Ora che il Cavaliere è all’opposizione, il destino di Alfano ruota intorno al “diversamente berlusconiano”

27 Nov 2013 19:31 - di Mario Landolfi

Gira e rigira, il destino di Alfano ruota intorno a quel “diversamente” cui l’ex-delfino ha momentaneamente affidato il compito di definire l’identità del suo “Nuovo Centrodestra”. È solo l’intensità politica di quell’avverbio a permetterci infatti di capire fino a che punto l’ex-delfino potrà pigiare sul pedale sulle larghe intese (già da ieri molto ristrette) senza deludere quote di elettorato comunque berlusconiano e fino a che punto è disposto invece a sacrificarle in nome di comprensibili convenienze elettorali. Fatto sta che dopo la decisione di Forza Italia di uscire dalla maggioranza e di puntare senza mediazioni al fallimento della legislatura, Alfano rischia di finire come vaso di coccio tra vasi di ferro. E se i suoi vecchi amici di partito hanno già cominciato a fargli assaggiare la frusta chiodata di un’opposizione ad personam, i suoi nuovi colleghi di governo non appaiono per nulla disposti a pagare in prima persona il costo delle diatribe in atto nel centrodestra. Il Ncd è nella sua fase più difficile. È un vascello in mezzo a una burrasca in una notte senza stelle con la rotta affidata esclusivamente a quel “diversamente berlusconiano” che poche settimane apparve a molti un pallone scaraventato in corner e che ora invece si trasforma in una preziosa bussola per districarsi in un mare affollato di scogli a pelo d’acqua.

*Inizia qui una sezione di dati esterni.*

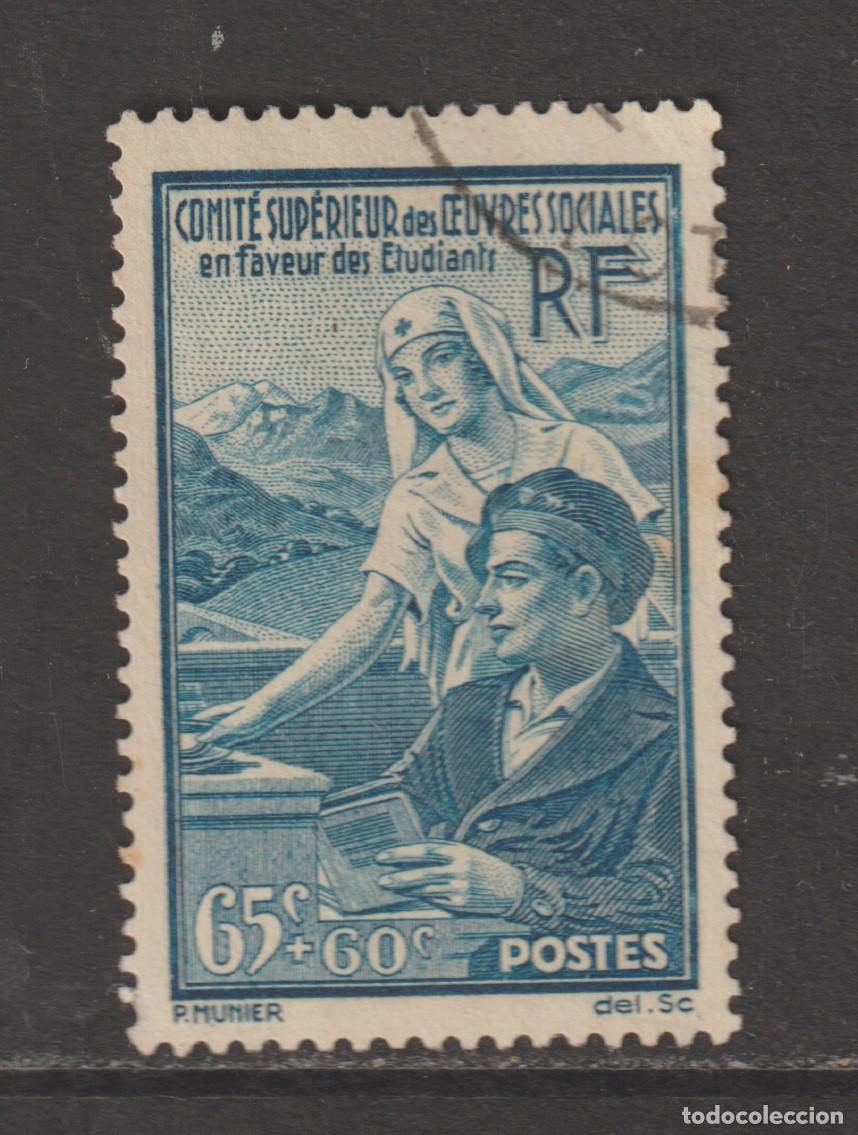 Sellos: France 1938 - Yvert 417 oblitere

La furibonda reazione di Berlusconi al voto che lo ha fatto decadere dal Senato, l’appello alla piazza, la denuncia di un colpo di stato che lo avrebbe disarcionato da Palazzo Chigi esattamente due anni fa, il dito puntato contro Napolitano, rappresentano posizioni radicali che non prevedono succedanei o addolcimenti. O si condividono o si rifiutano. Ma, almeno per ora, Angelino non può fare né l’uno ne l’altro pena il suo venir meno alla sua stessa storia e alla sua ragione sociale. Egli non può recidere del tutto il cordone ombelicale con la sua antica famiglia politica perché è proprio da questa che trae forza e legittimazione, pur declinandone “diversamente” identità e finalità. È una posizione scomoda, la sua. Ma a Forza Italia non basta saperlo in difficoltà. Vuole completamente squalificarlo agli occhi del proprio elettorato e per questo tenta di schiacciarlo sul centrosinistra.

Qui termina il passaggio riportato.